= SUPPLIED MATERIAL =
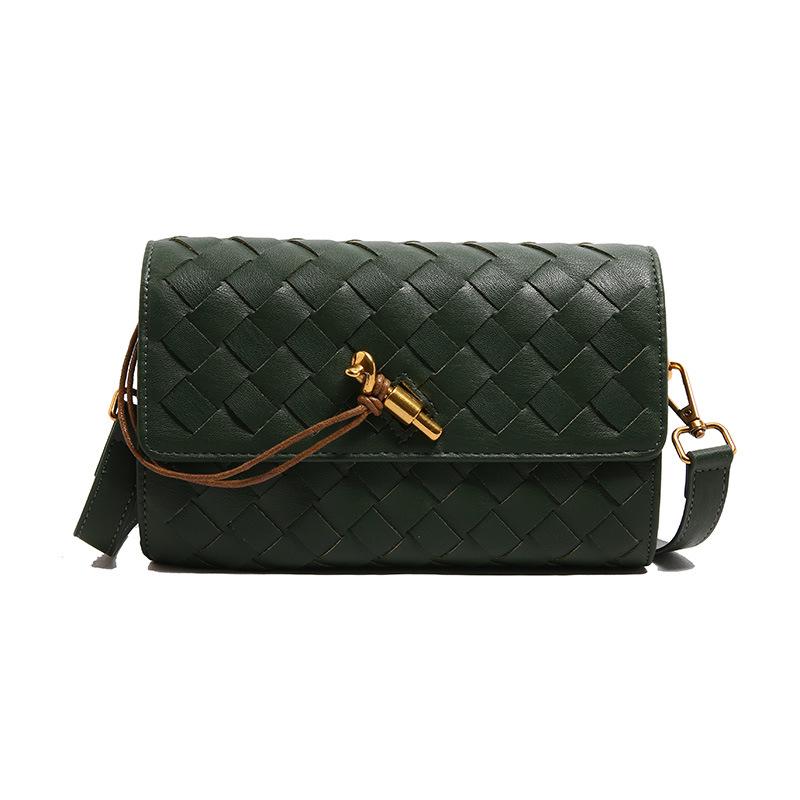 

Сплетенная вручную маленькая квадратная сумка с замком, модная плетеная сумка, простая на плечо, сумка-мессенджер для женщин 21*13*5cm зелёный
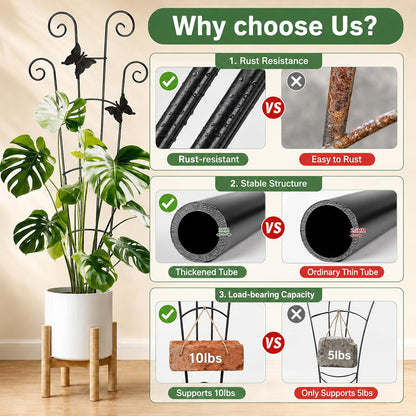 32.6in Plant Trellis for Climbing Plants Indoor Outdoor, Expandable Large Metal Garden Trellis for Potted Plants, Heavy-Duty Tall Pothos Plant Climber Support for Ivy Pothos Hoya Monstera, 2P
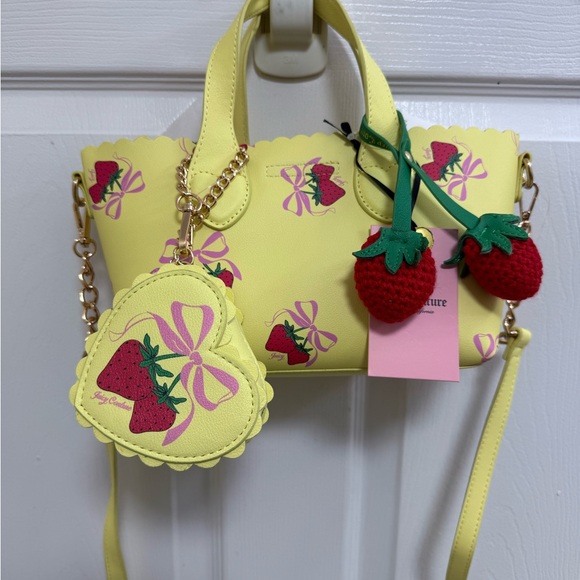 NWT Juicy Couture Sweet 🍓 Strawberry Mini Tote in Yellow Iris - Picture 3 of 11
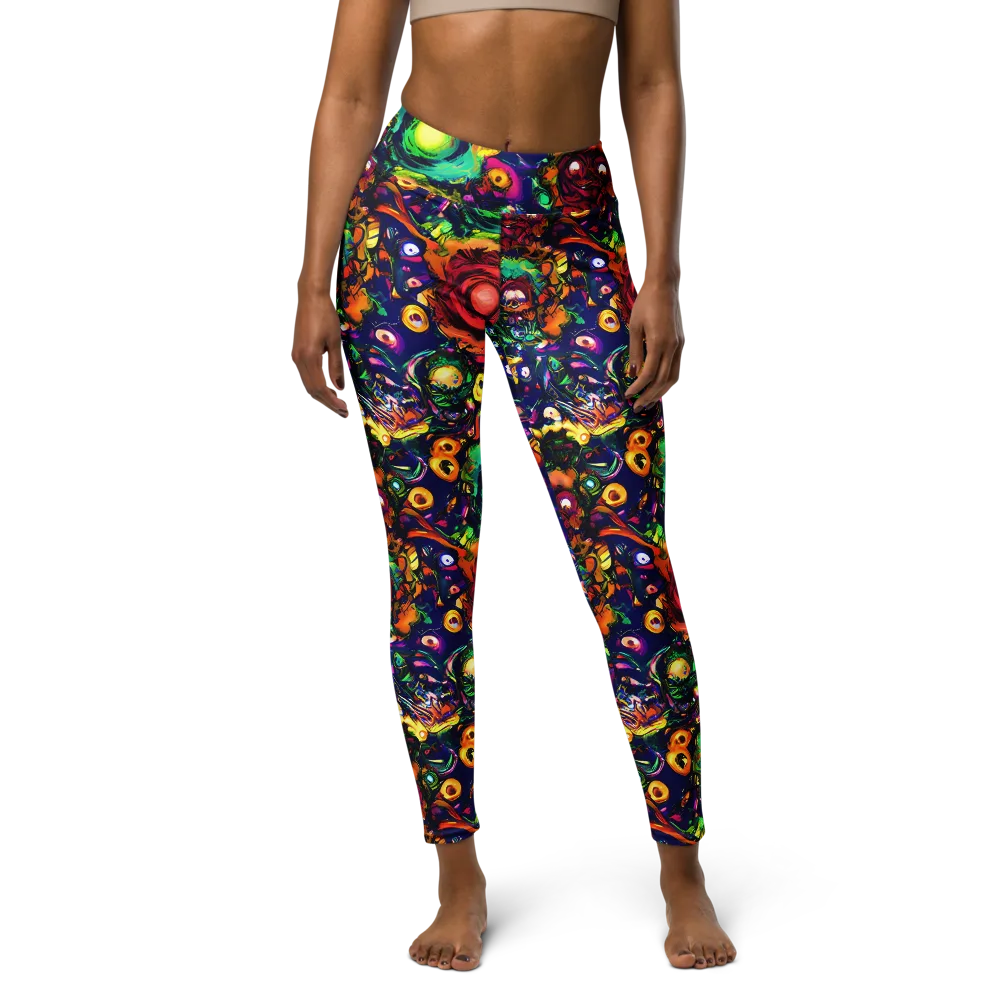 Neon Surreal on Yoga Leggings — Front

= THE TASK =
Set down all the data again exactly as above, pictures excluded.

= OUTPUT FOR THIS EXERCISE =
Сплетенная вручную маленькая квадратная сумка с замком, модная плетеная сумка, простая на плечо, сумка-мессенджер для женщин 21*13*5cm зелёный
 32.6in Plant Trellis for Climbing Plants Indoor Outdoor, Expandable Large Metal Garden Trellis for Potted Plants, Heavy-Duty Tall Pothos Plant Climber Support for Ivy Pothos Hoya Monstera, 2P
 NWT Juicy Couture Sweet 🍓 Strawberry Mini Tote in Yellow Iris - Picture 3 of 11
 Neon Surreal on Yoga Leggings — Front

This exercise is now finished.